In this work, we implemented a modern two-stage deep learning object detection approach for fast and accurate Debye-Scherrer ring and segment location in GIXD images. As a model, we chose the Faster Region-based Convolutional Network (R-CNN) deep learning architecture23,24, for which we introduced several essential modifications to conform to the specifics of GIXD diffraction data and increase the performance. We trained the model on simulated images via a simulation procedure aimed at reproducing variate scattering backgrounds and experimental artifacts. We note that the translation-invariant Faster R-CNN algorithm detects each peak independently; thus, our approach is material-agnostic by design, unlike in the case of a model trained to extract material-related information from the measured data at a single step.

As a demonstration of the possible applications of our method, we performed an automated analysis on two in situ GIXD datasets of organic-inorganic perovskite structures. However, we emphasize that it is, in fact, generally applicable to essentially any crystalline thin-film materials. First, we track the formation of different phases in 2D halide perovskites. Our model detects diffraction reflections, which are then used to identify the perovskite phases and crystal orientations and track the evolution of the lattice parameters over time, which is crucial for the photovoltaic performance.

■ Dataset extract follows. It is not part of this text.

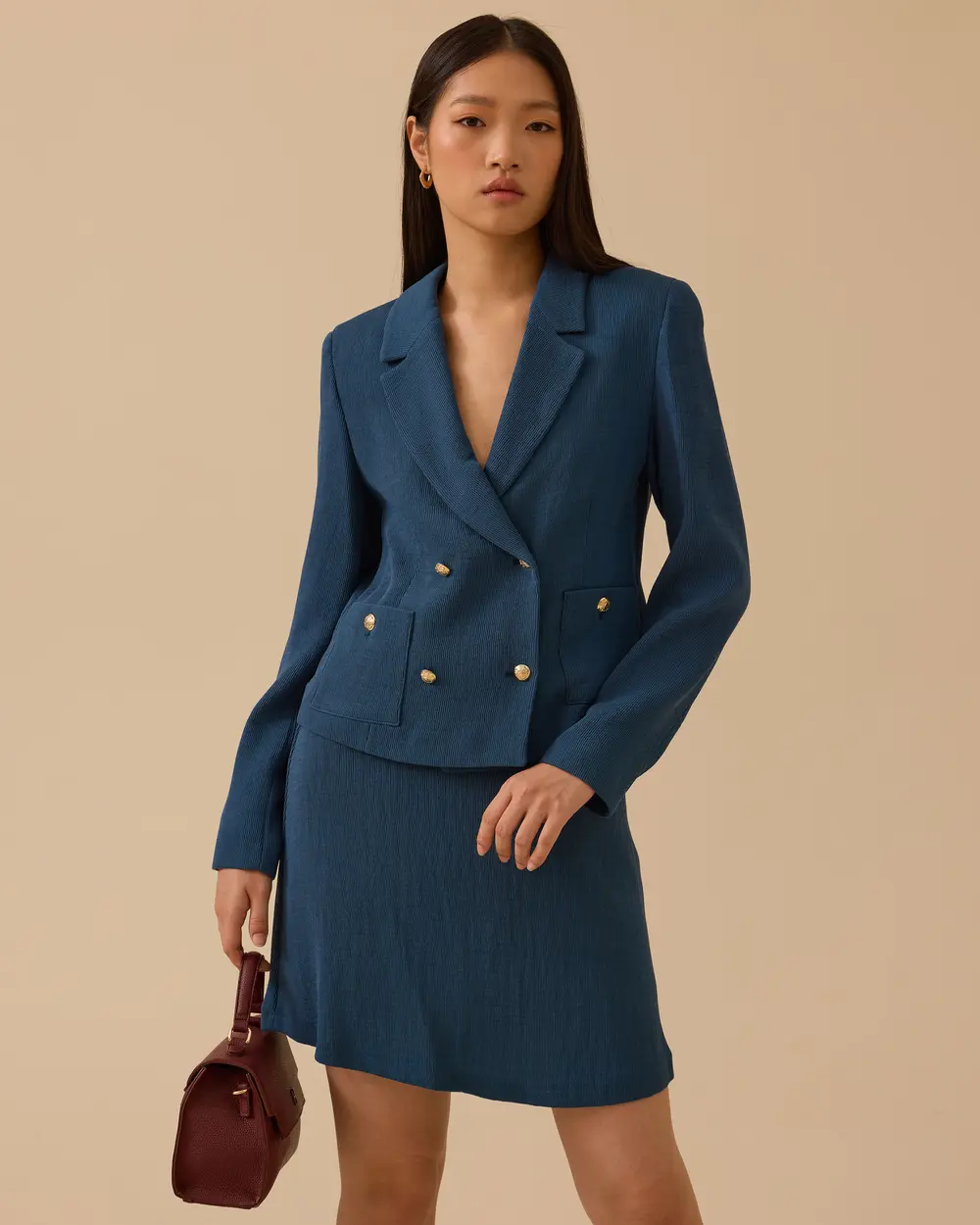 Double-breasted Collar Buttoned Waist Length Jacket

Second, we demonstrate a fast analysis of over a thousand diffraction images from in situ measurements of the conversion of methylammonium lead iodide (MAPbI3) from an intermediate phase during spin-coating and annealing. The algorithm detects over 20,000 peaks on 1015 images and can pinpoint the start of perovskite formation during the experiment.

Results

Data-driven model modifications

We implemented a deep learning object detection model based on a two-stage Faster R-CNN framework23,24 to locate diffraction rings and segments in GIXD images. Figure 1 illustrates the data pipeline with the model architecture (see Methods IV B). State-of-the-art object detection algorithms are mainly focused on improving performance on objects in RGB photographs and the corresponding benchmark datasets (PASCAL VOC, MS COCO, Open Images, etc.)23,25,26,27,28. X-ray scattering patterns exhibit particular features that require careful adjustments of the existing general methods. To this end, we introduced an array of modifications to the original architecture to conform to the specifics of the scattering data and accelerate the calculations. In the following, we briefly discuss the key features of the grazing-incidence diffraction images that inform the design of the detection algorithm.

Fig. 1: Image preprocessing pipeline and the model architecture.
figure 1

a The geometry of the measurements. After Lorentz-polarization correction, measured diffraction patterns are sequentially converted from detector coordinates (a) to reciprocal space (b) and then to polar coordinates (c). For the detection, the contrast is enhanced by CLAHE (all shown images are already contrast-enhanced for visualization). d Feature extractor with asymmetric feature maps; feature shapes correspond to an input image size of 512 × 512 pixels. e The Region Proposal Network kernels convolve with feature maps to extract RoI at different scales. f At the second detection stage, a RoIAlign layer extracts features at corresponding positions from the largest feature map, from which the box coordinates and the score of confidence are predicted for each box by a fully-connected network.

Polar symmetry

X-ray scattering from crystalline grains results in diffraction patterns showing either full rings or ring segments in reciprocal space (depending on their orientation distribution) (see Fig. 1b). However, most detection algorithms are designed to detect an object by providing coordinates of a rectangular bounding box around the object. The rectangular shape is most suited for feature extractors that are based on convolution operations with rectangular kernels, while detecting objects with circular shapes would lead to nontrivial complications. To overcome these issues and work with rectangular object shapes, we converted the GIXD images to the polar coordinates \(| Q| ={({Q}_{z}^{2}+{Q}_{| | }^{2})}^{\frac{1}{2}}\) and \(\phi =\arctan ({Q}_{z}/{Q}_{| | })\), where Q is the scattering vector and \({Q}_{| | }={({Q}_{x}^{2}+{Q}_{y}^{2})}^{\frac{1}{2}}\). We note that some effects such as refraction may distort the polar symmetry in grazing incidence geometry, but they can be largely neglected here.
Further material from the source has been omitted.